# Hello remember me???



## cazscot (Jul 7, 2012)

*walkes in sheepishly* 

I am back!  It's been Er quite a long time since I have been here...  As some of you know I lost 78lbs on ww but have put approx 30lbs back on over the past year...  But I am fully back on track and have lost 7lbs this week.


----------



## lucy123 (Jul 7, 2012)

cazscot said:


> *walkes in sheepishly*
> 
> I am back!  It's been Er quite a long time since I have been here...  As some of you know I lost 78lbs on ww but have put approx 30lbs back on over the past year...  But I am fully back on track and have lost 7lbs this week.



Now let me have a think ....Ah yes I remember you!
Great to have you back Carol. It has been so quiet in here, but we are doing well and supporting each other along the way.

Look forward to seeing less of you in the next few weeks!


----------



## cazscot (Jul 7, 2012)

lucy123 said:


> Now let me have a think ....Ah yes I remember you!
> Great to have you back Carol.

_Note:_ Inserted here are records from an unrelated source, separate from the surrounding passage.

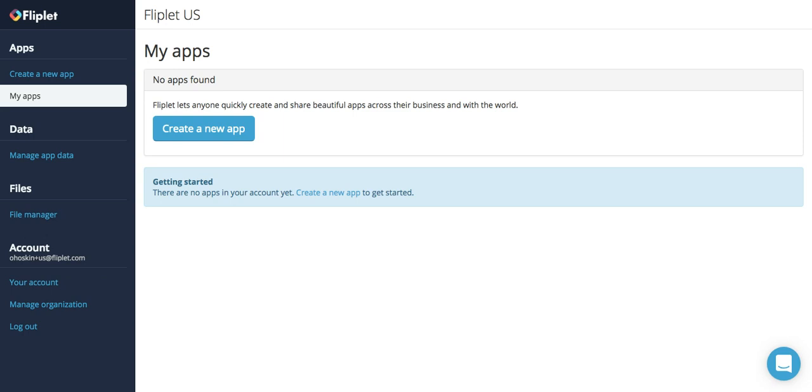So what will this video cover? We'll cover an intro to Fliplit Studio, how to preview different app templates, how to create your first app, and how to go back to your home screen and manage your apps. So let's get started.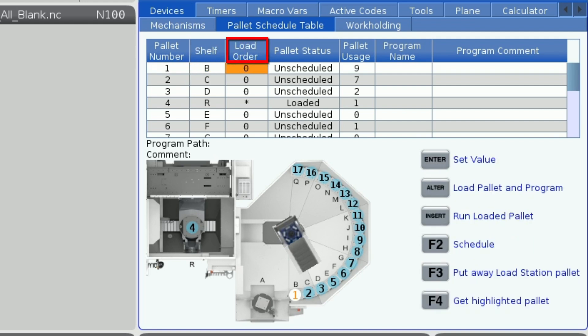Next we have load order. The load order column describes the order in which the pallets are loaded during lights-out or unmanned machining. I will explain how you set the order later on.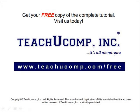Get your free copy of the complete tutorial at www.teachucomp.com/free.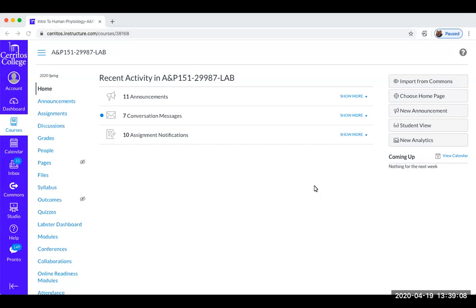Hello AP 151 students. I'm going to take you through our lab for this week, and it's going to be a little bit different. That's why I'll share my screen with you and just walk through a couple steps.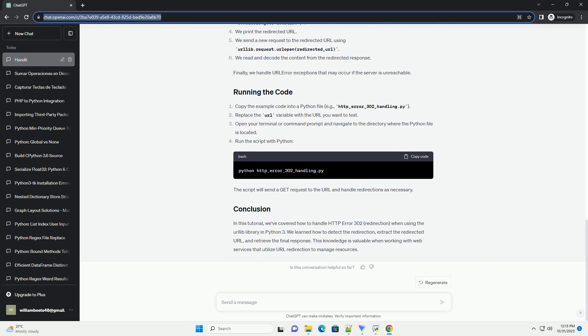Let's start by writing a Python script that demonstrates how to handle an HTTP Error 302 using urllib. In this example, we will send a GET request to a URL that returns a 302 redirection status. Here's what the code does inside the try-except block.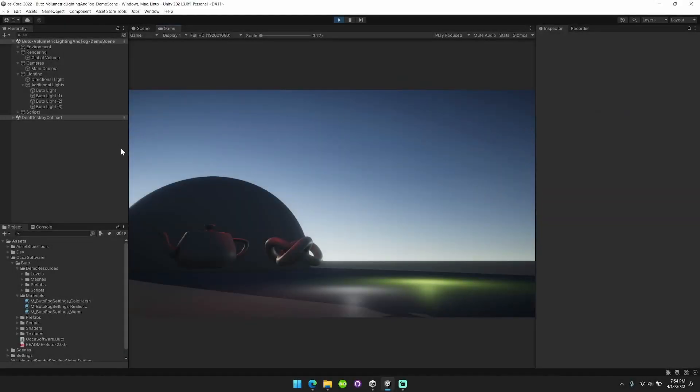Hey what's up you guys, I want to show off some of the new features that are going live with Butoh Volumetric Lighting and Fog for URP.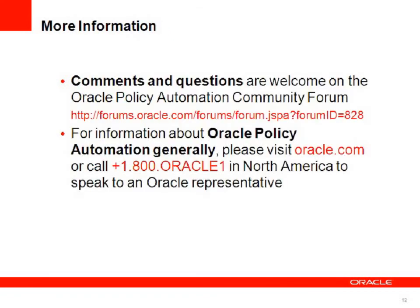If you'd like more information come and visit us on the Oracle Policy Automation Community Forum or call Oracle. Thanks for listening.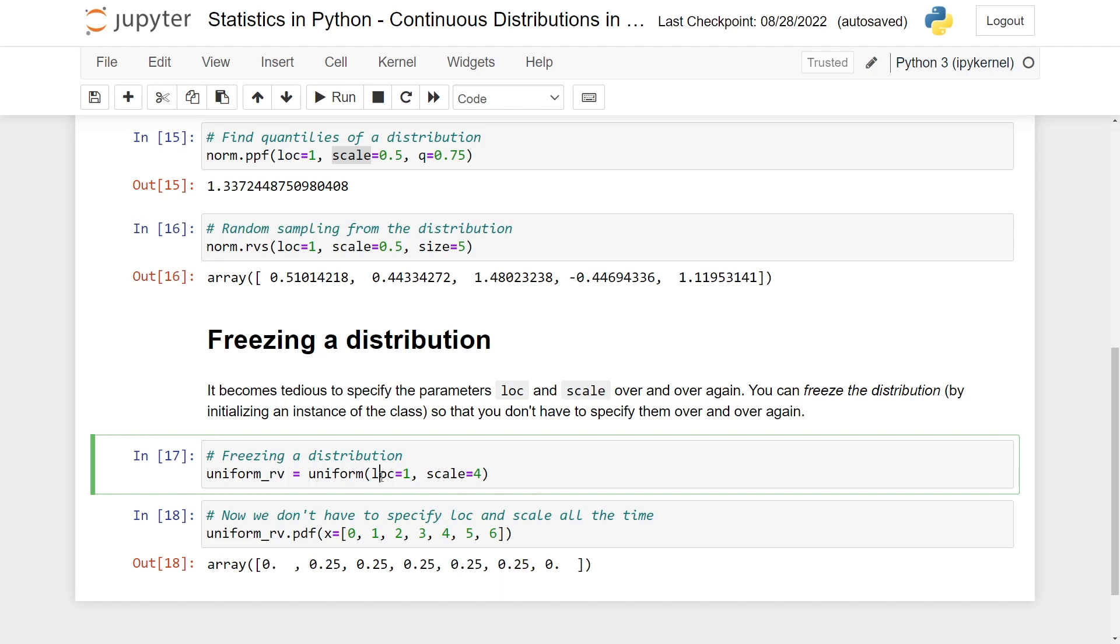So that's basically it. I hope this can get you started with using probability distributions in Python. I'll leave a link in the description to the documentation page so that you can see that you can do much more than I've showed with scipy.stats. Thanks and I'll see you again soon.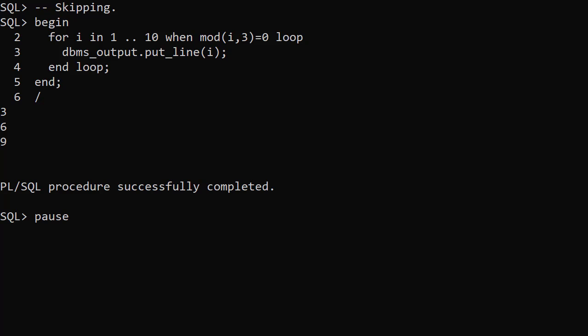The when clause skips iteration variable values that don't match the condition. In this example we use a range of 1 to 10, but we'll only accept values that are divisible by 3 without a remainder.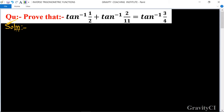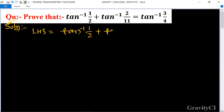Question: prove that tan inverse 1 upon 2 plus tan inverse 2 upon 11 is equal to tan inverse 3 upon 4. So its LHS is tan inverse 1 upon 2 plus tan inverse 2 upon 11.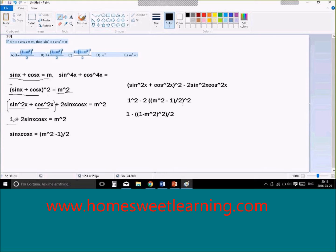We can bring the 1 to one side and the 2 to the other side. So this equation simplifies to sine x cosine x equals m squared minus 1 over 2.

It has been so quiet in here, but we are doing well and supporting each other along the way.
> 
> Look forward to seeing less of you in the next few weeks!



Thanks lucy


----------



## Northerner (Jul 7, 2012)

That's marvellous Carol, well done


----------



## cazscot (Jul 7, 2012)

Northerner said:


> That's marvellous Carol, well done



Thanks Alan .


----------